In 1636, his brother-in-law, Sir John Drake (c. 1590–1636), died leaving Sir Henry as one of the executors in the will. Sir John left various areas of land to 'Sir Henry and others' to raise 'portions' (money) for his six daughters. Sir Henry became the scapegoat for the failure of the executors to supply the portions and was subject to a series of suits in Chancery from 1641 to his death in 1656.

'The vast estates obtained by his grandfather seem to have borne the curse of ill-gotten gains snatched from the hands of the Church. The property had been partly wasted by William Rosewell, his father, and Sir Henry was obliged to part with more; lost probably in aiding his Parliamentarian friends, in unsuccessful ventures in America, while most likely a vast amount of it was spent in the Chancery proceedings in which he became involved, through, in an evil day, his having accepted the burdensome trust laid upon him by Sir John Drake'.

He sold Forde Abbey in 1649 to Edmund Prideaux and, at least until 1653, Sir Henry had his residence at Limington, Somerset.

==Death==
Henry Rosewell made his will 11 August 1653 at Limington by which he left all his property to his 'loving wife, Lady Dorothy Rosewell' and appointed as executrix, Dorothy Browne, daughter of Edward Browne Esquire, who was a minor at the time of Henry's death. Henry Rosewell died at Greenway, Churston Ferrers, Devon and was buried in the churchyard of Brixham, Devon on 3 April 1656. Probate was granted to Dame Dorothy Rosewell 15 May 1656.

==Epilogue==

The Chancery suits 'continued to appear from time to time, but Dame Ellen Briscoe, who seems to have been the most contentious member of the [Drake] family, was never satisfied; she bided her time until after the Restoration, when, Sir Henry Rosewell having departed this life, she revived the case against his widow, by applying to the House of Lords for an Act to enable her to have sold a part of the manor of Limington, of which Sir Henry Rosewell had been seized at the time of his death.' Dame Dorothy petitioned against this Act but was finally ordered by act of Parliament on 3 March 1663 to sell the manor of Limington to Francis Summers and James Tazewell. James Tazewell was the grandfather of William Tazewell, who emigrated to Virginia in 1715, and ancestor of Henry Tazewell.
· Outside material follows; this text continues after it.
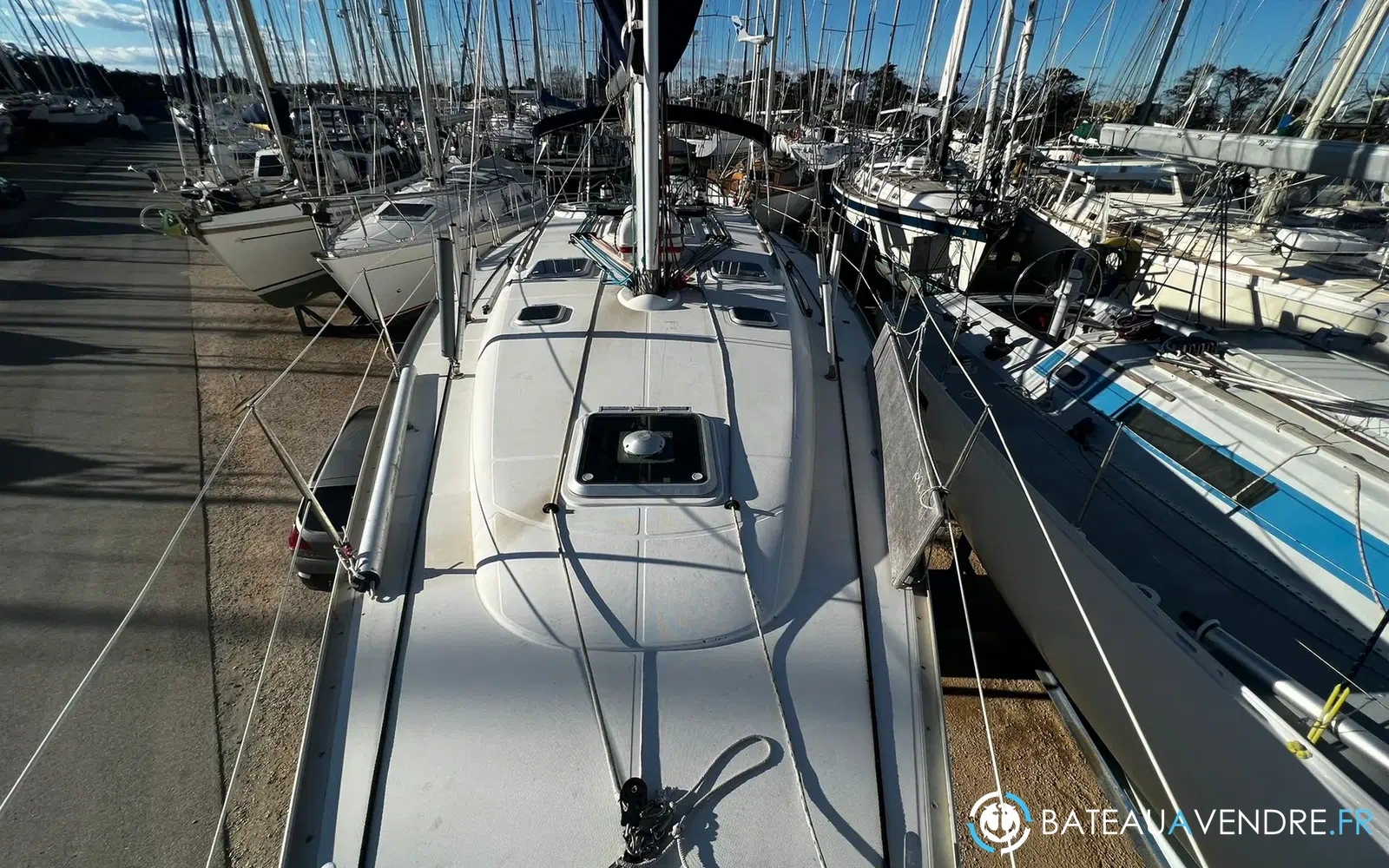 slider 6 Jeanneau Sun Odyssey 43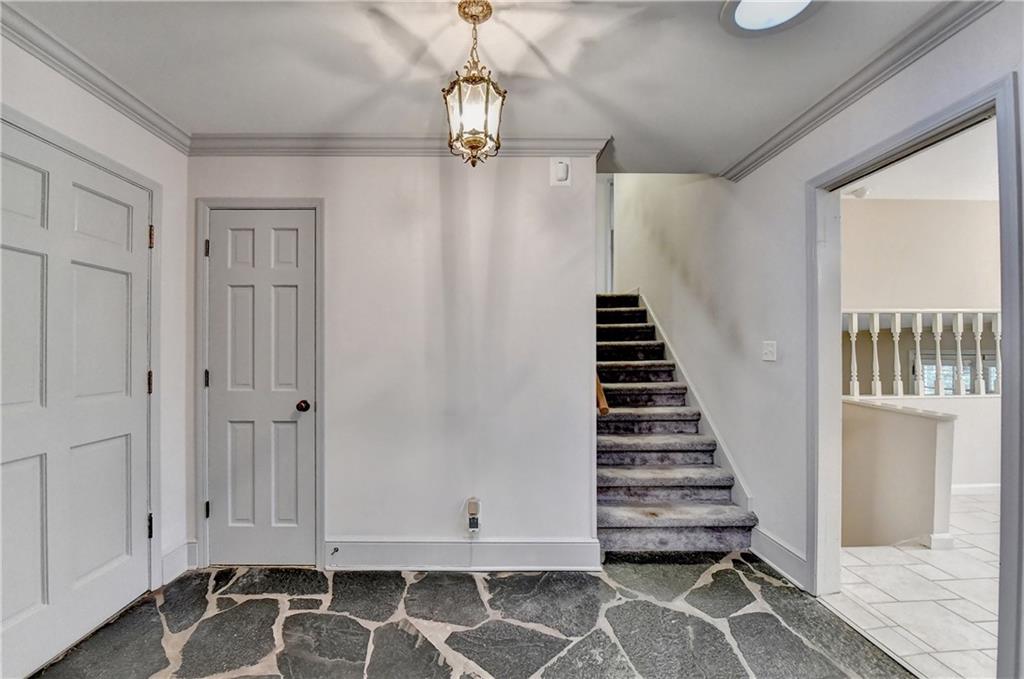 1330 Hampton Hall Drive NE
Dame Dorothy made her will at Holborn, London on 24 February 1676. She appears to have suffered greatly over the cost of the suits 'whereas in late years I have been involved in several troublesome lawsuits in order to the recovering of my just right, whereby I have contracted several debts and I had undoubtedly sunk under them had I not been supported beyond my expectations by some friends and principally by William Rosewell of Southampton Street in the parish of St Giles in the Fields Esquire'. William Rosewell was probably Major William Rosewell (c. 1606–1680), a London Apothecary and a Commander of the London Trained Bands. He was from North Curry, Somerset, and held houses in Southampton Street in 1678. She made this William Rosewell her sole Executor and left him £100. She died in late 1676 and probate was granted 14 February 1677.

==Sources==
James, Frances B (1888), 'Sir Henry Rosewell – A Devon Worthy', Transactions of the Devonshire Association, 20, 113–122.